Following Donald Trump’s election, his “Drill, Baby, Drill” mantra convinced people that American producers would increase oil output, despite Trump calling for lower prices. Trump views lower oil prices as the best way to reduce inflation, which helps lower-income families who are disproportionately harmed by high energy costs. Producers welcomed the reduced red tape of drilling and infrastructure permitting. They benefited from lowered federal royalties and easier access to federal land. But they are trimming activity as lower prices squeeze cash flows.
Currently, oil prices are supported by seasonal demand, as refineries crank up their output of gasoline to meet summer driving demand and distillate to meet winter home heating oil needs. However, the distillate picture is troubling for consumers (see our chart) as inventories are below the recent 5-year minimum. An early, cold winter could create problems for New England and parts of the Upper Midwest that rely on heating oil.
The domestic oil market will be challenged next year as the shutdown of two California refineries impacts the state’s and neighboring states’ gasoline supplies. Shipping more domestic refined products to California is impossible because there are no Jones Act-certified tankers available to move additional supplies from the Gulf Coast. California will need greater supplies from abroad, which will add shipping and environmental costs to the final price.
Globally, the strength of oil prices is likely to wane as OPEC+ supply increases, winter demand contracts, and Chinese oil purchases slow. This is the conventional view. It supports the current backwardation of oil futures prices (current prices are higher than future prices). Furthermore, future oil price weakness is based on the assumption that Asia-Pacific inventories will cease to grow, contributing to a greater oil oversupply than currently. But what if China’s and other Asian countries’ oil demand increases and oil producers react to the prospect of lower prices by cutting back their output? Could we experience a faster rebalancing of supply and demand?
The International Energy Agency (IEA) recently revised its historical oil demand data, adding 260,000 to 350,000 annual barrels per day to estimated demand for 2022, 2023, and 2024. This is a reminder of the difficulty in estimating global oil demand, making it imperative that forecasts based on historical data be considered as rough estimates. Therefore, the IEA’s expectation that global oil demand will peak in 2029 should be viewed with caution.
NATURAL GAS
We are in the middle of summer, so the natural gas narrative remains—heat, LNG, and storage. LNG remains stable, as foreign customers can obtain US gas at a lower cost than from any other supplier. As for domestic gas storage, despite periodic heatwaves, volumes being injected into underground caverns have climbed from near the 5-year minimum supply at the end of the first quarter of 2025 to closer to the 5-year maximum volumes. So far, the hurricane season has been slow to develop, but we are heading into the heart of the season. This means the risk of disruptions in gas supply and demand is elevated, which could prove challenging as we head toward winter.
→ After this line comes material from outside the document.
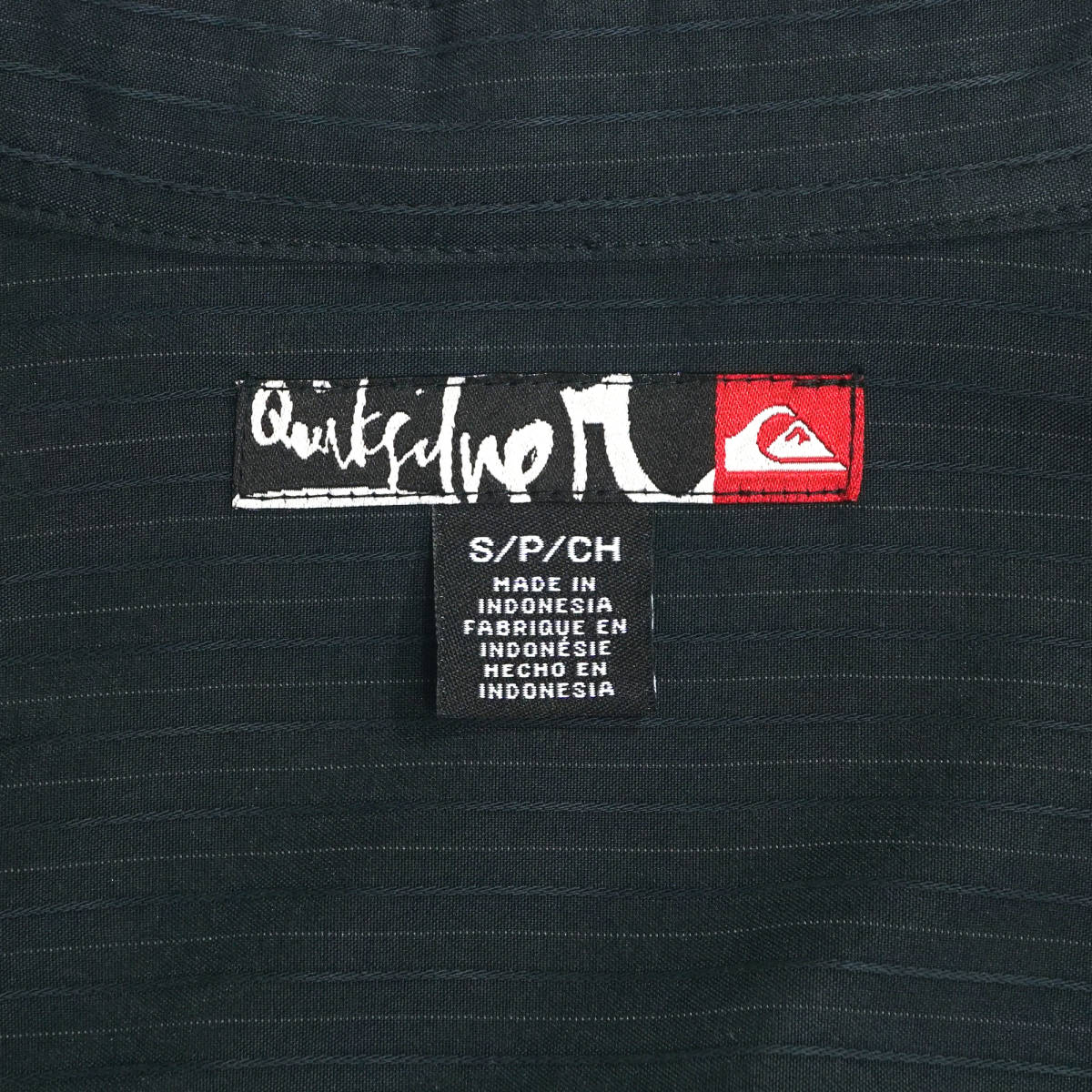 Quiksilver S/S シャツ S　クイックシルバー 半袖 ストライプ 黒 ブラック ビーチ パーティー_画像6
Heat is the big story. Heat waves and heat domes periodically have gripped regions of the country. The Energy Information Administration’s natural gas report for the week ending July 10 contained some interesting data. A table in the report included heating and cooling degree days for each region of the country, as well as the national total.
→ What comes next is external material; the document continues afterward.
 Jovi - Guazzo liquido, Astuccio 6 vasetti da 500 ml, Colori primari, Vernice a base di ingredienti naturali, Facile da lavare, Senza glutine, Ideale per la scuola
It showed all regions except the West South Central and Pacific regions experienced double-digit increases over normal for the week. The four regions experiencing the largest increases above normal were New England, Middle Atlantic, and East North Central with increases of 19, 23, and 22, respectively. However, when weekly cooling degree days were measured against the same week a year ago, New England and Middle Atlantic were down 14. Only the East North Central increased. That reminds us how little we remember about the past.

Additionally, the report commented on the heat wave in the New England and Middle Atlantic regions. With temperatures in Boston reaching a high of 95ºF on July 16, the heat index at 100ºF, and planned maintenance on the Algonquin Gas Pipeline, gas prices rose by $6.81 per million British thermal units to $9.74. On July 15, prices reached a high of $13.25/MMBtu. In contrast, in the Middle Atlantic, the heat wave caused gas prices to rise by only $0.72 from $2.78 to $3.50/MMBtu.
While pipeline operators serving New York indicated constraints on their systems were a problem, the greater Middle Atlantic pipeline capacity explained the dramatically different gas price response to the heat wave. Soaring gas prices in Boston were a direct result of the limited pipeline capacity in New England compared to the Middle Atlantic and other regions. Fortunately, there were no power blackouts or heat disasters.

The US is fortunate to have such a massive pipeline network. It comprises roughly three million miles of mainline and other pipelines connecting producing basins with gas storage facilities and customers. Almost all natural gas moves through pipelines and serves nearly half the nation’s energy customers. We can thank the visionaries who built pipelines from Texas, Oklahoma, and Louisiana to the Northeast, Middle Atlantic, and Midwest regions in the 1950s and 1960s.
Heat, LNG, and storage will continue to drive the gas narrative this summer, with the added complication of hurricane season. So far, gas prices have remained at the bottom of their most recent trading range and are likely to stay there, absent some unforeseen event.